_DATASET EXCERPTS_
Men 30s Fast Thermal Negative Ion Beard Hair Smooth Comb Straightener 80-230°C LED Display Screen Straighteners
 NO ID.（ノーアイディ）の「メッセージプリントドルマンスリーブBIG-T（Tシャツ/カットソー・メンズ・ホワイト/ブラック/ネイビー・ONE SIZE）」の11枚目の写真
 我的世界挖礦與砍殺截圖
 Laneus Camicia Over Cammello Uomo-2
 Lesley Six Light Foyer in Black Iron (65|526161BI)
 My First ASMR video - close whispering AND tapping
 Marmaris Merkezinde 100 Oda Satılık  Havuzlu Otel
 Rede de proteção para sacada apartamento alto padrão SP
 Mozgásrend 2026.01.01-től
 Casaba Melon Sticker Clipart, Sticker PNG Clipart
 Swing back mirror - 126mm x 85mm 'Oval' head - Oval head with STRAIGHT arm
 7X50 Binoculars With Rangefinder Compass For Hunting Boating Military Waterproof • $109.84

_DESCRIPTION OF THE TASK_
Repeat the entries above verbatim, but only from the line that has "My First ASMR" down to the line that has "Swing back mirror", inclusive.

_ANSWER TO THIS TASK_
 My First ASMR video - close whispering AND tapping
 Marmaris Merkezinde 100 Oda Satılık  Havuzlu Otel
 Rede de proteção para sacada apartamento alto padrão SP
 Mozgásrend 2026.01.01-től
 Casaba Melon Sticker Clipart, Sticker PNG Clipart
 Swing back mirror - 126mm x 85mm 'Oval' head - Oval head with STRAIGHT arm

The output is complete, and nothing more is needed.